Affordability strong, despite media misinformation

Posted on 4/09/2013  
Affordability strong, despite media misinformation

Housing costs have not risen in Australia since 1995. The Australian Bureau of Statistics says the percentage of gross household income spent on housing, both for those with mortgages and those renting, is the same today as it was 28 years ago. We’re still spending about one-fifth of household gross income on accommodation costs.

That’s an extraordinary revelation for anyone who absorbs and believes newspaper headlines. It’s reasonable to ask: Why are we being told we have an affordability crisis? Why is media telling us we have the world’s most unaffordable housing?

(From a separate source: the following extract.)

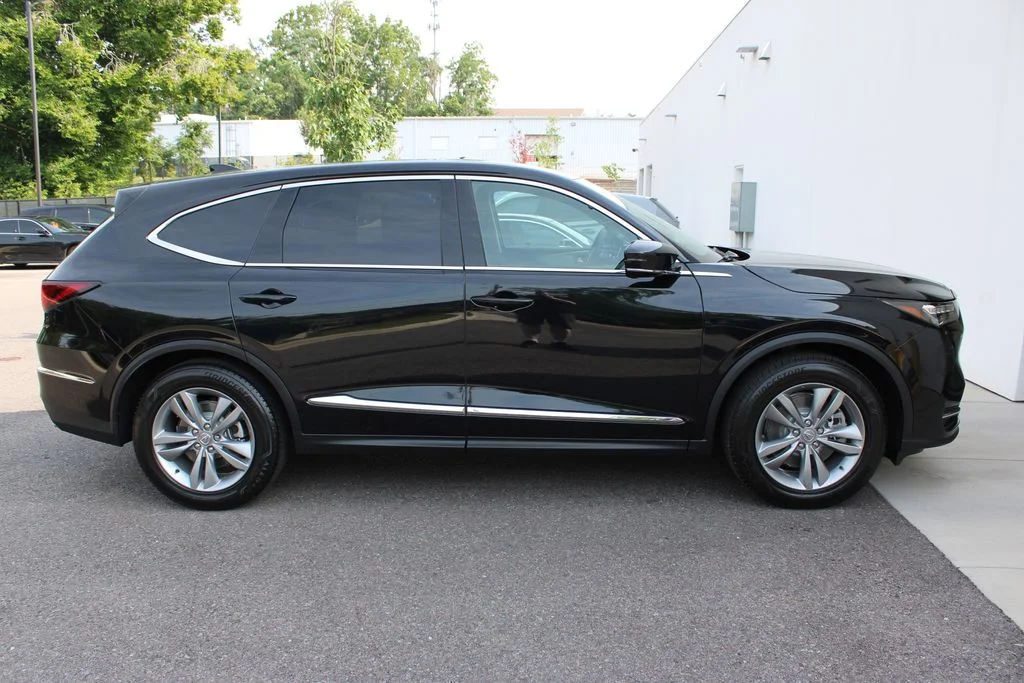New 2026 Majestic Black Pearl Acura Base image 32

The short answer is that, in the context of the nation’s metropolitan newspapers, journalism is on life support. Newspapers are no longer reliable sources of information. They are, too often, vehicles to push the political and commercial views of their owners.

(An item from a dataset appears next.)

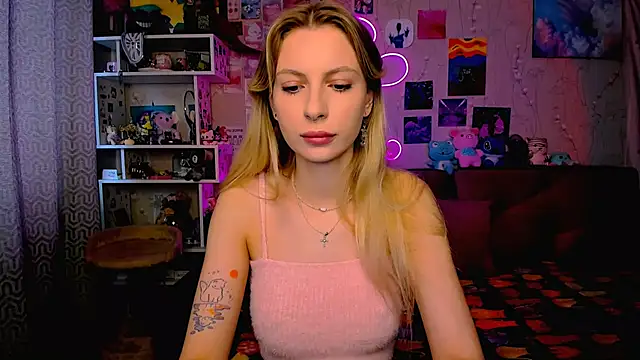 Snapshot of Maria_Hunt chatting on 03-22-25, 02:27 Maria Hunt online show from 03-22-25, 02:27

The Murdoch newspapers have been running a political campaign against the current Federal Government that should be an embarrassment to everyone who works for the organisation and considers themselves journalists.

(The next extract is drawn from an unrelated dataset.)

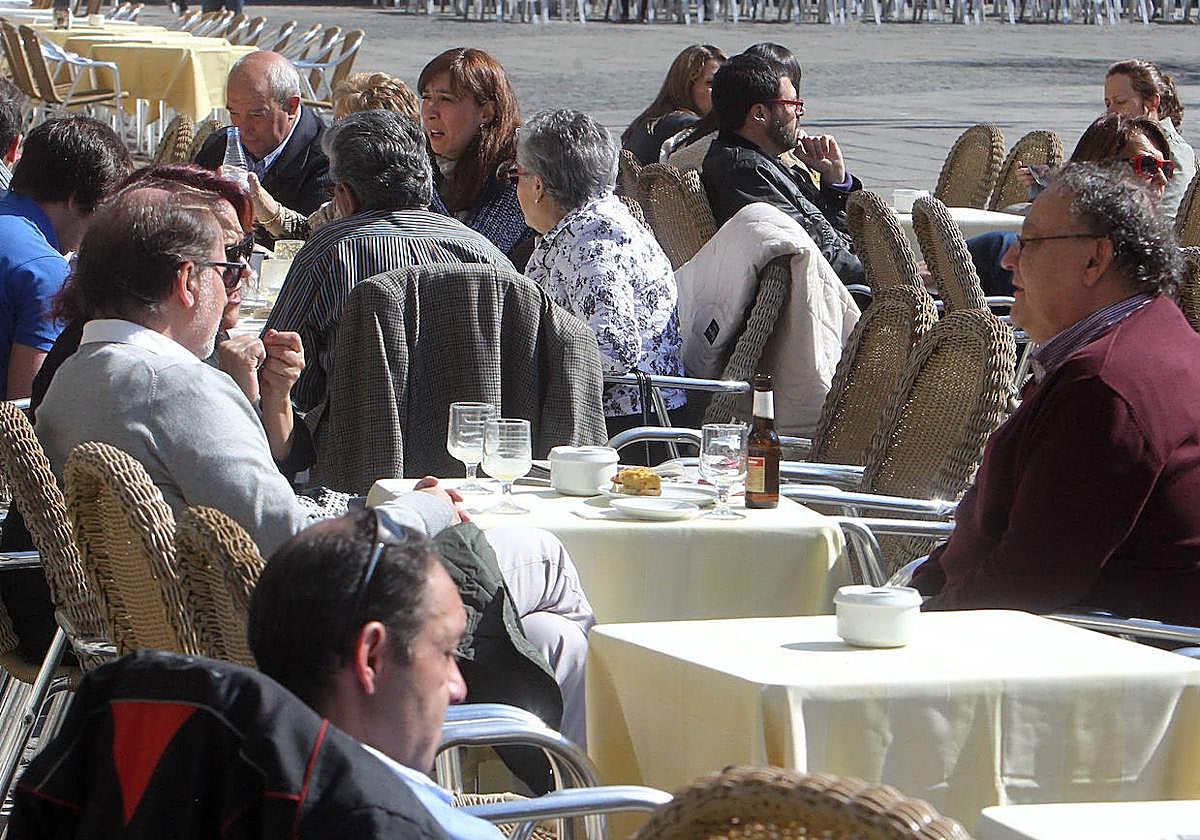 Turistas disfrutan del buen tiempo en una terraza en la Plaza Mayor de Salamanca.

It doesn’t matter whether you want the Government to lose this weekend’s election or not. What matters is that these publications are filled with propaganda when they have an ethical obligation to present balanced news and verified information. Goebbels would be proud of them, but as a consumer I’m repulsed.

This kind of distorted presentation of “news” extends beyond politics. There are few sectors where the content of newspapers is more misleading than in the coverage of real estate.

Again, Murdoch papers are the most culpable. For several years I wrote real estate columns twice a year for The Australian. Eventually I quit. Often my views were censored by the newspaper because they were deemed to be contrary to its commercial interests and political policies.

Companies who had commercial arrangements with the newspaper could not be shown in an unfavourable light. Politicians from certain political parties could not be criticised. Firms ripping off consumers could not be exposed if they were advertisers.

The editorial staff employed by these publications operate under similar restrictions. By definition, they are no longer journalists.

For these and other reasons, I advise consumers at seminars, webinars and home shows that the first rule of effective real estate research is to stop reading newspapers. The real estate content of metropolitan papers is mostly a regurgitation of press releases from individuals and organisations pushing views in which they have a vested interest.

Every time I speak at an event, most questions from the floor are based on misinformation. I’m alarmed at how many people have their heads full of negative, sensationalist nonsense. Often their beliefs are quite opposite to the facts, as revealed by genuine research.

The level of misinformation has reached alarming proportions. It’s a serious issue because it prevents people from making quality investment decisions – decisions that put hundreds of thousands of dollars at risk.

The unrelenting stream of media talk about the so-called affordability crisis, the claim that we have the most expensive dwellings on the planet and hysteria about an impending collapse in property values is a prime example.

We’re told regularly that prices have risen unreasonably and that housing is beyond the reach of first-home buyers.

The ABS data shows how wrong that notion is. So, too, does the latest Affordability Index from the Commonwealth Bank and the Housing Industry Association.

The index shows we have had ten consecutive quarters of improving affordability. Over the past 2-3 years, until the recent recovery, we have had falling prices in our major cities. This, coupled with steadily rising incomes and sharply falling interest rates, means that affordability is the best it’s been any time in the past five years.

The reporting of these facts in newspapers has been muted, to say the least. It sits in stark contrast to the coverage given to an overseas spruiker who seeks to create publicity for a seminar tour or a book launch by claiming our property values will fall 50, 70 or even 90 per cent (an issue I tried to discuss in my column in The Australian but was, once again, censored).

To be informed, and to avoid being misinformed, on real estate or on any topic, consumers must stop reading newspapers and start using the many good sources available via the Internet.